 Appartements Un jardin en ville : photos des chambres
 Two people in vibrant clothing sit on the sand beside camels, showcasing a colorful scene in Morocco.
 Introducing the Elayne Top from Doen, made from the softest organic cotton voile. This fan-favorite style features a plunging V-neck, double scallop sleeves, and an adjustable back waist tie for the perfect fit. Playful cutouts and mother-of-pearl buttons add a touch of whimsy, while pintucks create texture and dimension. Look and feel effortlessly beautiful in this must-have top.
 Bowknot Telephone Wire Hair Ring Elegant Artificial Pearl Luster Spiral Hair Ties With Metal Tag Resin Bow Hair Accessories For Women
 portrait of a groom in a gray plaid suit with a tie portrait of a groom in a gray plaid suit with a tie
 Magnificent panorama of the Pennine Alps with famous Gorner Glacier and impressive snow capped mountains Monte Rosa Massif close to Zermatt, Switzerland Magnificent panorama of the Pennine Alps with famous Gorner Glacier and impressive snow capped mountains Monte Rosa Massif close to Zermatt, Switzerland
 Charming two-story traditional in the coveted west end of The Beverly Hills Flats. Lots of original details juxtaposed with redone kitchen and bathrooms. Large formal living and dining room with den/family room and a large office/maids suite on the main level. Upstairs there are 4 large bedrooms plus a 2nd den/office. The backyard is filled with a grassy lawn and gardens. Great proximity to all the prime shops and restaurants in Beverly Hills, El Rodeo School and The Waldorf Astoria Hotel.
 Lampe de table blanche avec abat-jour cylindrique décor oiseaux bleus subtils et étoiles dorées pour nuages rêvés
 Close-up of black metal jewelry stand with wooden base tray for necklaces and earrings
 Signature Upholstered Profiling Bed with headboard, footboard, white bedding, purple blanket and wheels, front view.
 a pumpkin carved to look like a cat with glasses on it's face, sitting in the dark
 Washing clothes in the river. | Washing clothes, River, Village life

★ ★ ★ ★ ★

▶ EXERCISE BRIEF:
All lines from the one containing "Signature Upholstered Profiling" through the end of the listing above are to be restated word for word, and no others.

▶ SOLUTION FOR THIS EXERCISE:
 Signature Upholstered Profiling Bed with headboard, footboard, white bedding, purple blanket and wheels, front view.
 a pumpkin carved to look like a cat with glasses on it's face, sitting in the dark
 Washing clothes in the river. | Washing clothes, River, Village life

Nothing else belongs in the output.